Austin/Johannesburg – Bei der Übernahme der G20-Präsidentschaft im Dezember wählte Südafrika „Solidarität, Gerechtigkeit und Nachhaltigkeit” als Thema. Diese Vision ist keineswegs ein leerer Slogan, sondern spiegelt die Grundsätze wider, auf denen jede glaubwürdige internationale Reaktion auf die heutige Hungerkrise aufbauen muss.
Angetrieben durch Klimakrise, Konflikte und Ungleichheit nimmt die Ernährungsunsicherheit weltweit zu. Die Instrumente zu ihrer Bekämpfung sind bereits vorhanden. Die Herausforderung besteht darin, den politischen Willen zum Handeln zu mobilisieren. Die G20-Präsidentschaft Südafrikas bietet eine einzigartige Gelegenheit, genau das zu tun.

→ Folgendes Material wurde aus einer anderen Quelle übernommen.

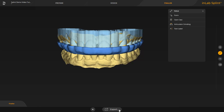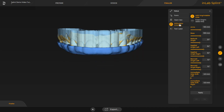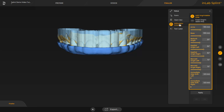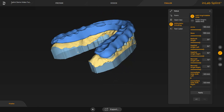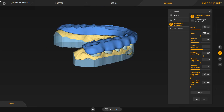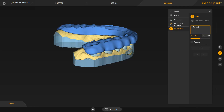Here there are also several options available. We will focus on the Articulator Grinding and Text Label tool. A list of articulation values which can be used opens up. We select the medium articulation and confirm with Apply. Finally, we put some text on the splint so that this can be matched to a patient, for example. With the click of the left mouse button, the text is placed.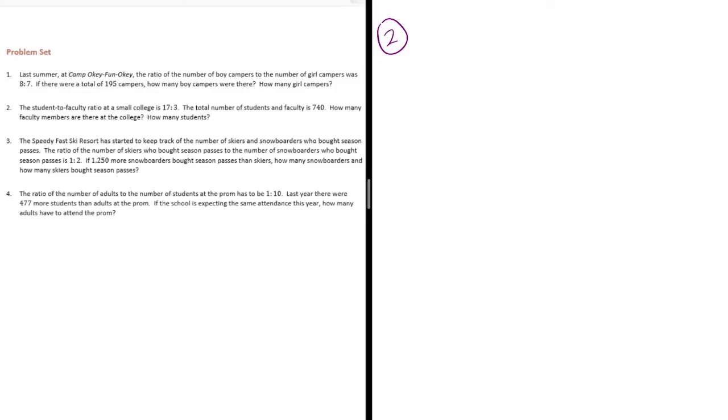The student to faculty ratio at a small college is 17 to 3. The total number of students and faculty is 740. How many faculty members are there at the college? How many students?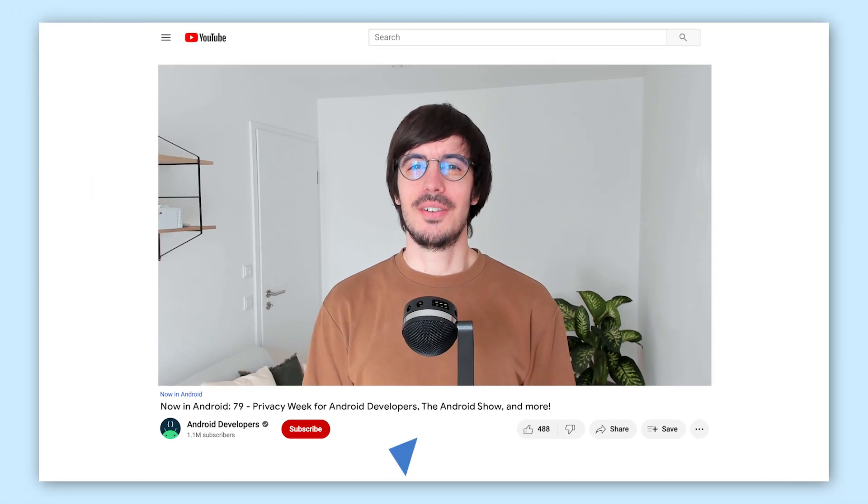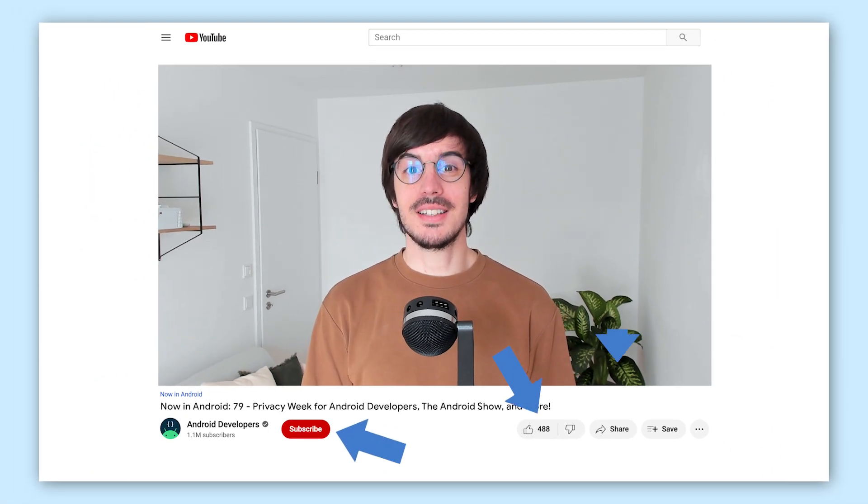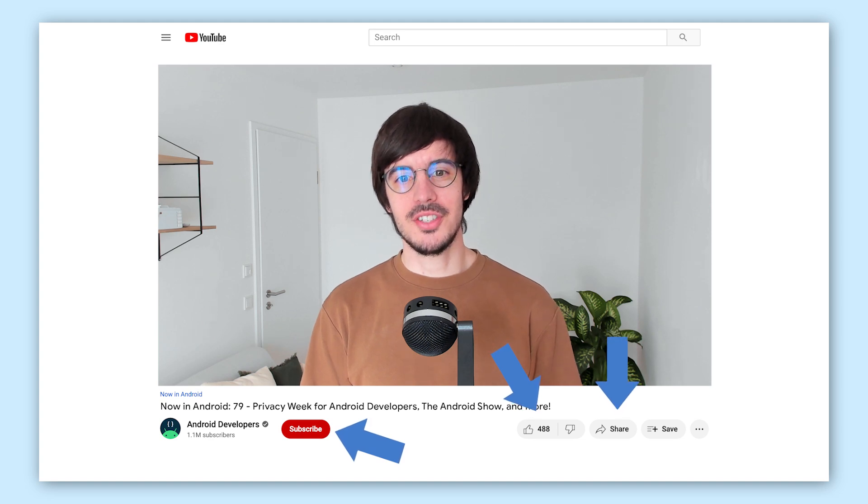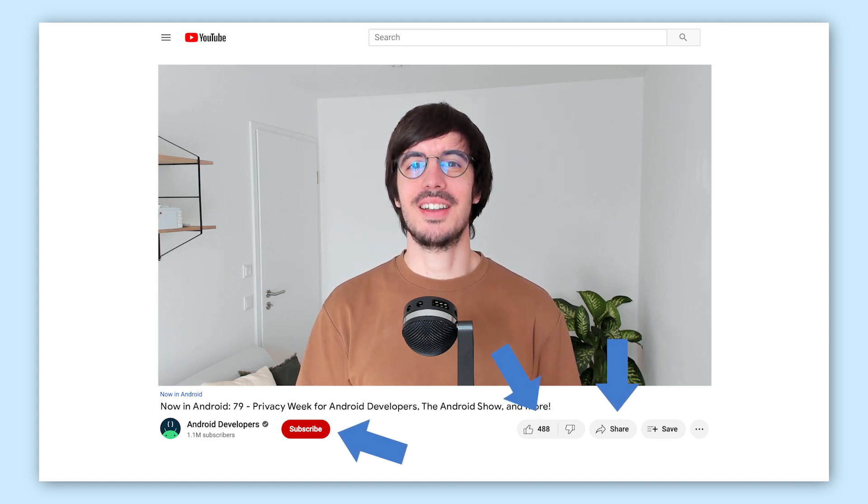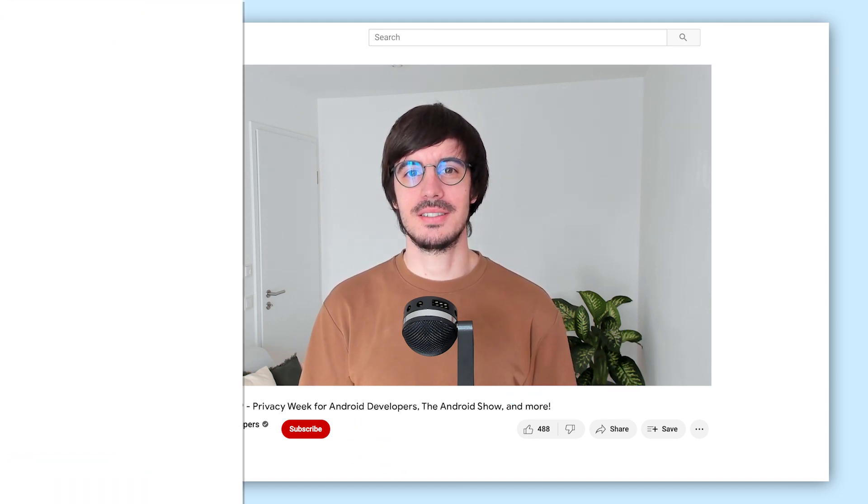That's it for this week, with the Privacy Week for Android Developers, LifeCycle and RecyclerView reaching the stable milestone, the Android Show from the Mobile World Congress, automated dependencies, Google for Games Developer Summit and more. Remember to like, subscribe, share, stay safe and come back for more Android updates.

Bewährte Programme ausbauen statt neue Initiativen starten
Brasilien stellt ein bemerkenswertes Vorbild dar. In den letzten zwei Jahren gelang es dem Land, 40 Millionen Menschen aus der Ernährungsunsicherheit zu befreien und damit von der Hungerkarte der Vereinten Nationen gestrichen zu werden. Um dies zu erreichen, führte die Regierung von Präsident Luiz Inácio Lula da Silva die von seinem Vorgänger Jair Bolsonaro abgeschafften Maßnahmen wieder ein, stärkte Schulmahlzeitenprogramme durch die Beschaffung von kleinbäuerlichen und indigenen Landwirtschaftsbetrieben, erhöhte den Mindestlohn und erkannte das Recht auf Nahrung gesetzlich an.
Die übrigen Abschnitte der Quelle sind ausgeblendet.